Anansi Boys - Page 113

There was a high-pitched yelp of something that might have been laughter from the old man, then he sucked on his cheroot. The smoke drifted from his lips like a ghostly speech balloon. “Your mother had something to say about that,” he said. Then he said, “We don’t have long, Charlie. You want to spend the time we got left fighting?”

Fat Charlie shook his head. “Guess not.”

They had reached the end of the bridge. “Now,” said his father. “When you see your brother. I want you to give him something from me.”

“What?”

His father reached up a hand, pulled Fat Charlie’s head down. Then he kissed him, gently, on the forehead. “That,” he said.

Fat Charlie straightened up. His father was looking up at him with an expression that, if he had seen it in anyone else’s face, he would have thought of as pride. “Let me see the feather,” said his father.

Fat Charlie reached into his pocket. The feather was there, looking even more crumpled and dilapidated than it looked before.

His father made a “tch” noise and held the feather up to the light. “This is a beautiful feather,” said his father. “You don’t want it to get all manky. She won’t take it back if it’s messed up.” Mr. Nancy ran his hand over the feather, and it was perfect. He frowned at it. “Now, you’ll just get it messed up again.” He breathed on his fingernails, polished them against his jacket. Then he seemed to have arrived at a decision. He removed his fedora and slipped the feather into the hatband. “Here. You could do with a natty hat anyway.” He put the hat onto Fat Charlie’s head. “It suits you,” he said.

Fat Charlie sighed. “Dad. I don’t wear hats. It’ll look stupid. I’ll look a complete tit. Why do you always try to embarrass me?”
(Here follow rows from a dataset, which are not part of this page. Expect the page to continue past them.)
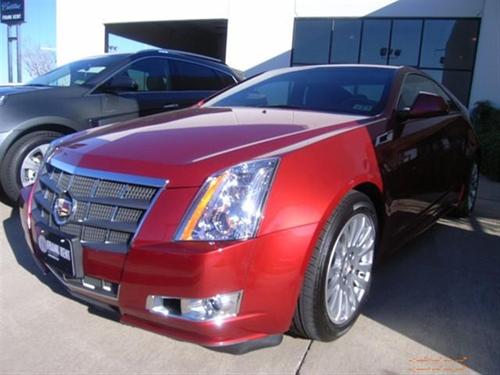 Cadillac CTS 4dr Sdn I4 Auto 1.8 S Other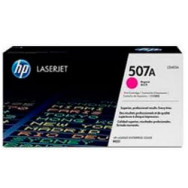 Toner Hp Laserjet Pro 507a Magenta 6000 Pág (ce403a)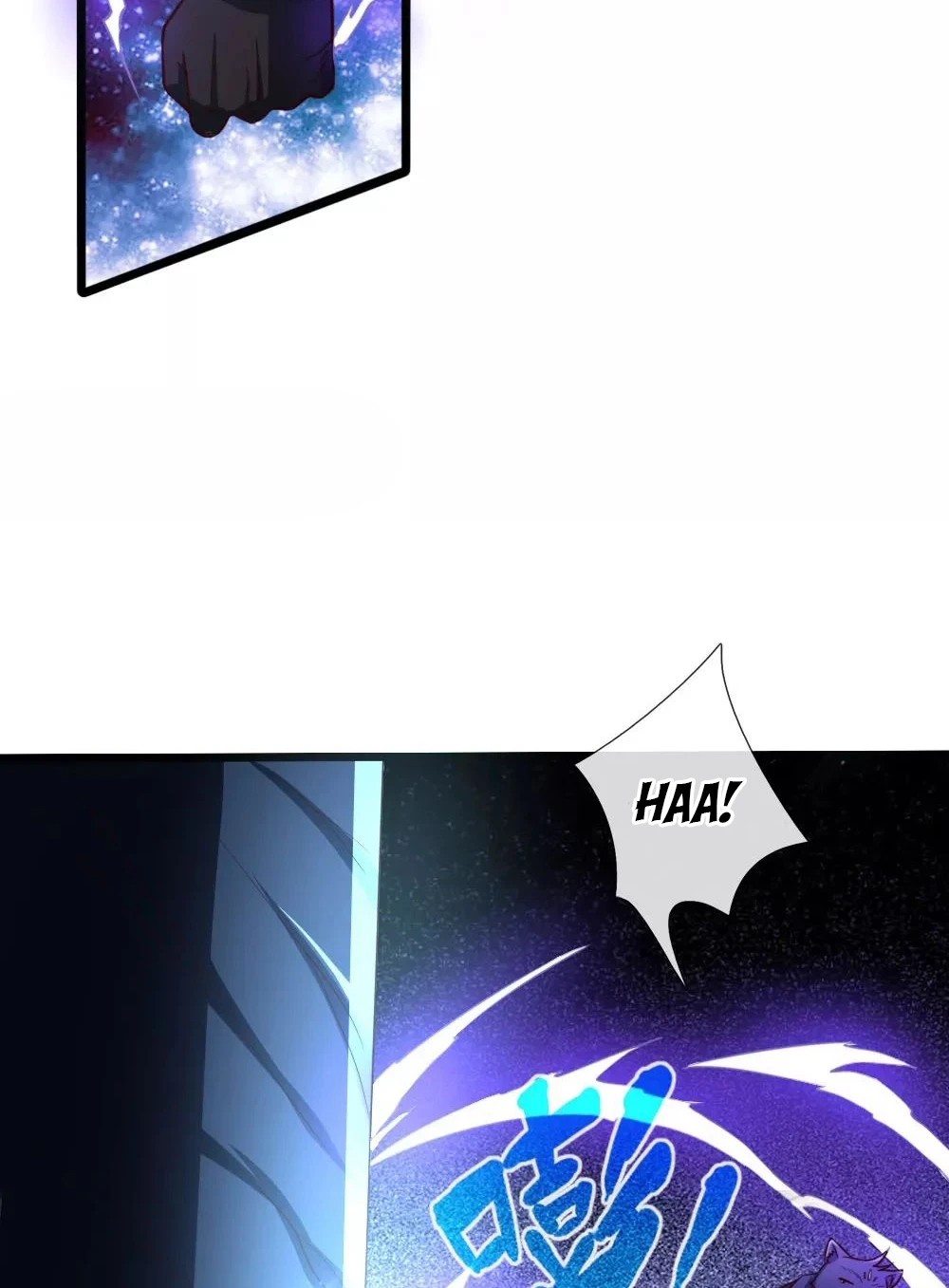 Shenwu Tianzun Chapter 120, page 29 of 33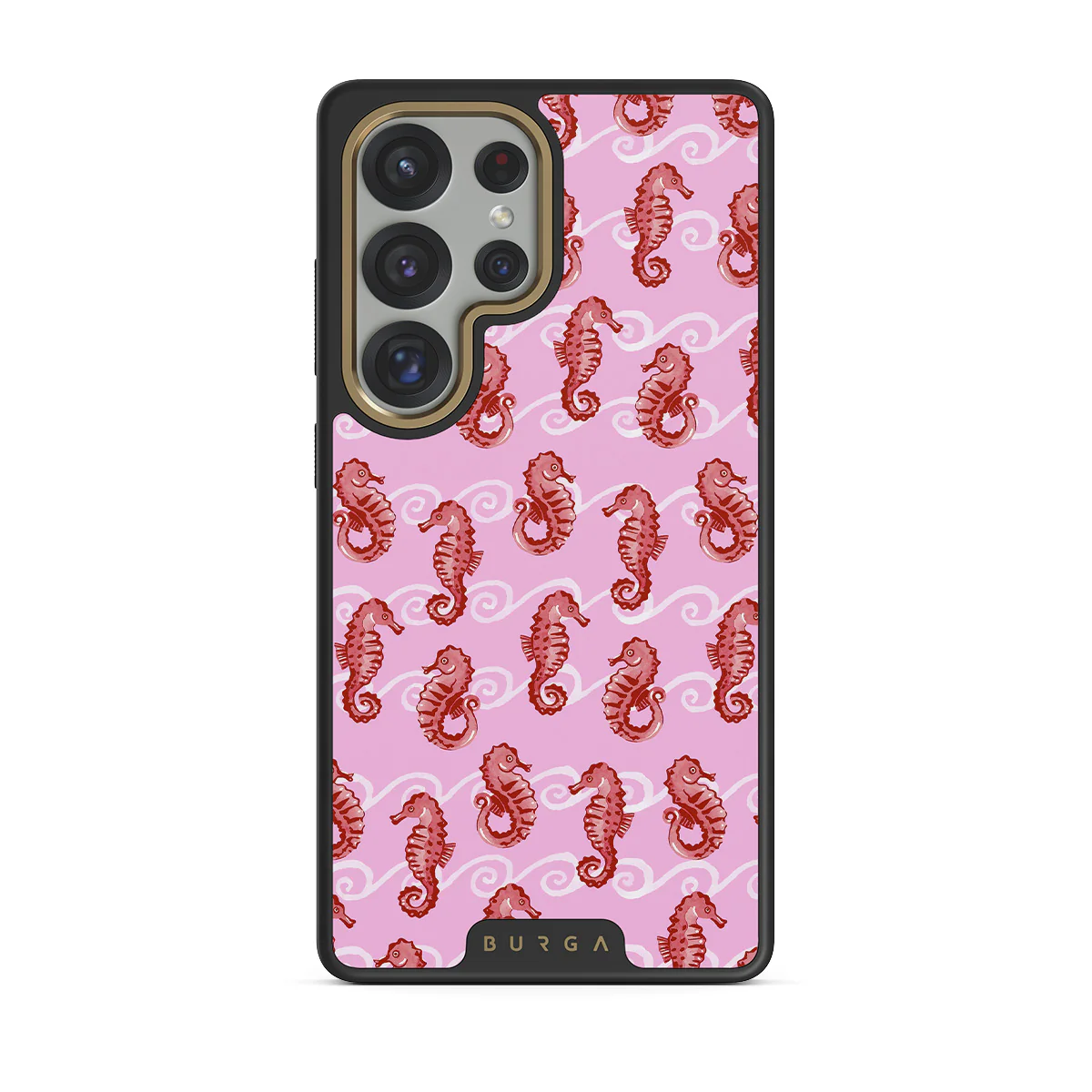 Coral Reef - Samsung Galaxy S25 Ultra Case - Image 5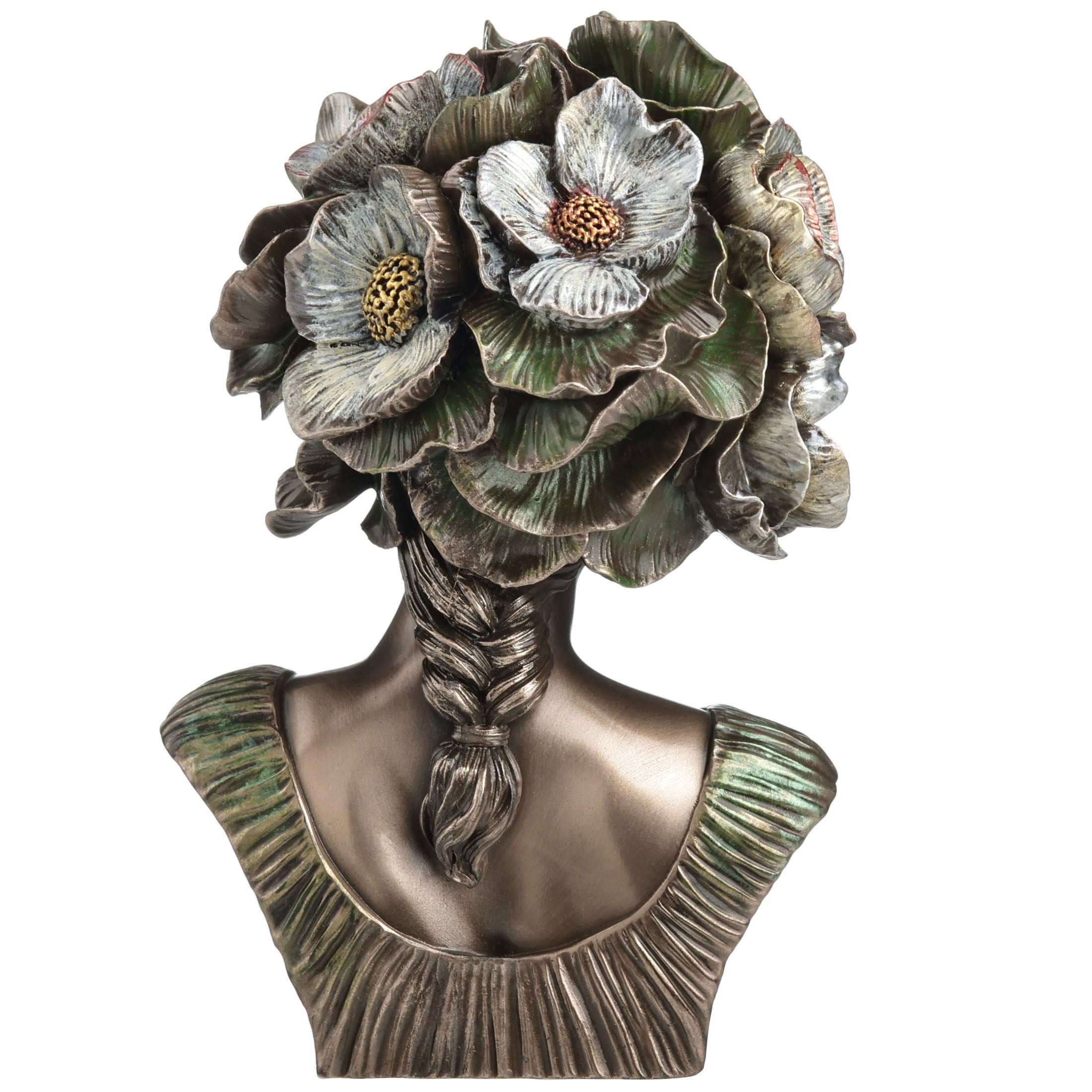Silent Bloom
In the fading light, the old man looked at his son. “You think I’d lie to you? Son, all you need to wear a hat is attitude. And you got that. You think I’d tell you you looked good if you didn’t? You look real sharp. You don’t believe me?”

Fat Charlie said, “Not really.”

“Look,” said his father. He pointed over the side of the bridge. The water beneath them was still and smooth as a mirror, and the man looking up at him from the water looked real sharp in his new green hat.

Fat Charlie looked up to tell his father that maybe he had been wrong, but the old man was gone.

He stepped off the bridge into the dusk.

“RIGHT. I WANT TO KNOW EXACTLY WHERE HE IS. WHERE DID he go? What have you done to him?”

“I didn’t do anything. Lord, child,” said Mrs. Higgler. “This never happened the last time.”

“It looked like he was beamed up to the mothership,” said Benjamin. “Cool. Real-life special effects.”

“I want you to bring him back,” said Daisy, fiercely. “I want him back now.”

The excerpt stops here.